Kampusch 'pities captor'
An Austrian teenager who escaped from her kidnapper one year ago has said she feels increasingly sorry for her kidnapper.
Natascha Kampusch, now 19, was snatched as a ten-year-old on her way to school and forced to live in a cell beneath a house.
Her dramatic escape in August 2006 turned her into an international media sensation. Her captor, Wolfgang Priklopil, 44, committed suicide after she fled.
Asked about Priklopil, Ms Kampusch said: "I felt a little bit of regret, of pity. All I can say is that I feel more and more sorry for him."
Ms Kampusch spent most of her teenage years in the tiny, windowless cell and only made her escape when Priklopil was distracted by a phone call as she was cleaning his car in the driveway of his home.
"What he did to me has become more distant, (but) it does not fade away, it boils up again and again," she said. "I just try to handle these memories as well as I can, and try to work through them."

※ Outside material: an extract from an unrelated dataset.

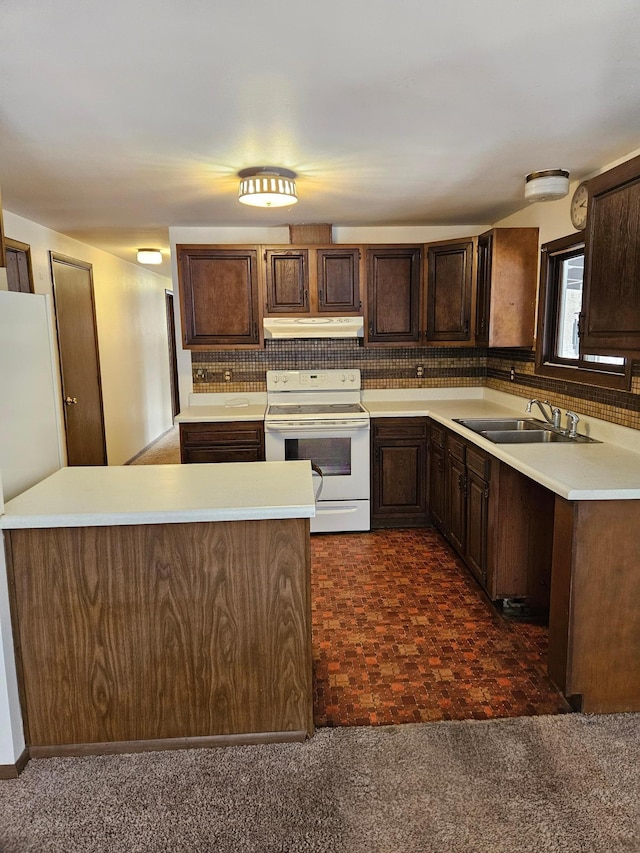 kitchen featuring white electric range, dark brown cabinets, under cabinet range hood, and a sink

The story of her dash to freedom, but also her relationship to Priklopil, with whom she occasionally went shopping and skiing, held media audiences spellbound around the globe.
Ms Kampusch explained why she bade farewell to Priklopil's coffin after his suicide.
She said: "I said farewell, and why shouldn't I have done so? It was important to me, because the last time I saw him alive was when he turned his back to me and I ran away head over heels, but I only said farewell to his coffin, I didn't actually see him."
Ms Kampusch likened her relationship with Priklopil to a wrestling match in which both sides tried to gain the upper hand and also said she had kept the clothing he had provided for her.
"They bear certain memories, these socks and T-shirts kept me warm and I need to keep them - at least for a certain time."
After her escape, Ms Kampusch found herself chased by photographers and journalists and has received offers for film and book rights from Austria and abroad.
Yet while she has shielded herself behind an army of psychiatrists and media advisers and has only given a small number of interviews, some in her family opted for the limelight.
Her mother launched an emotional book about her own eight years without Natascha earlier this month, describing Ms Kampusch's father, whom she divorced, as an alcoholic and only referred to him by his surname.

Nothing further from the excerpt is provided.